EXERCISE DIRECTIONS - Give back the full listing exactly, setting the pictures aside.

####

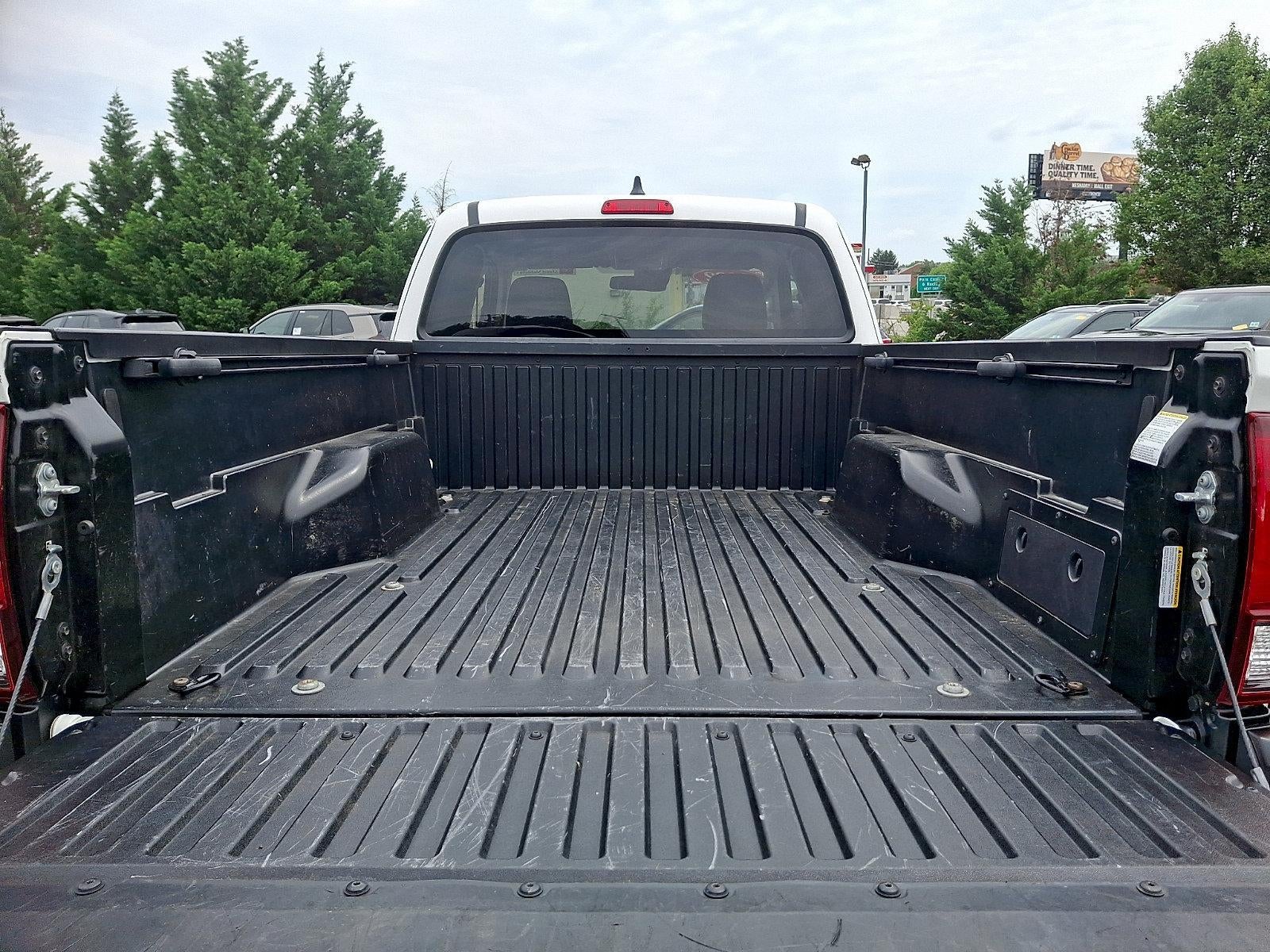2022 Toyota Tacoma 2WD 2WD SR Access Cab 6' Bed I4 AT (GS)
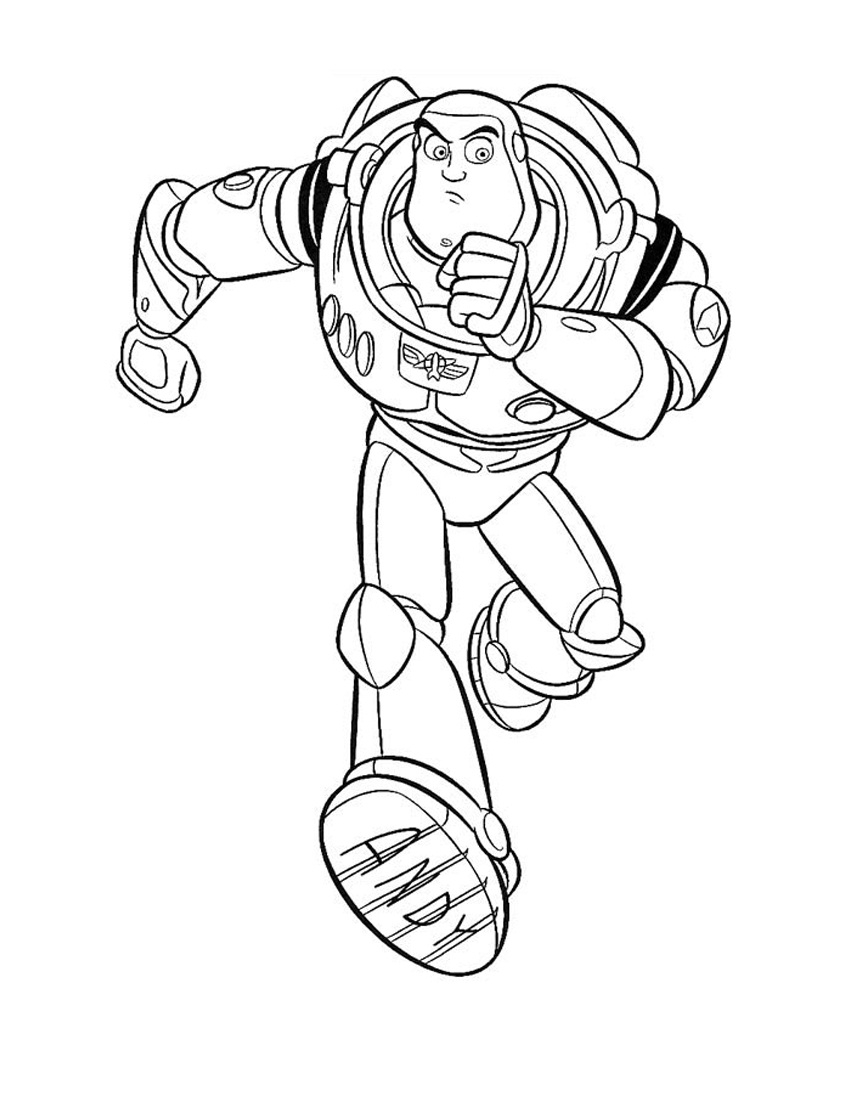 Buzz Lightyear Color 2025 Gauirekia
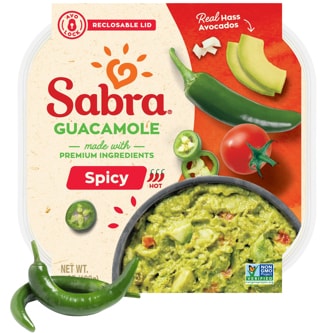 Sabra Guacamole, Spicy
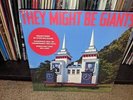 They Might Be Giants - LINCOLN - Transparent Red Colored Vinyl LP - NEW & SEALED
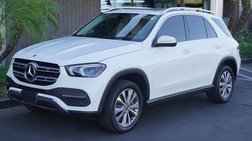 2022 Mercedes-Benz GLE-Class GLE 350 4MATIC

####

RESPONSE AREA -
2022 Toyota Tacoma 2WD 2WD SR Access Cab 6' Bed I4 AT (GS)
 Buzz Lightyear Color 2025 Gauirekia
 Sabra Guacamole, Spicy
 They Might Be Giants - LINCOLN - Transparent Red Colored Vinyl LP - NEW & SEALED
 2022 Mercedes-Benz GLE-Class GLE 350 4MATIC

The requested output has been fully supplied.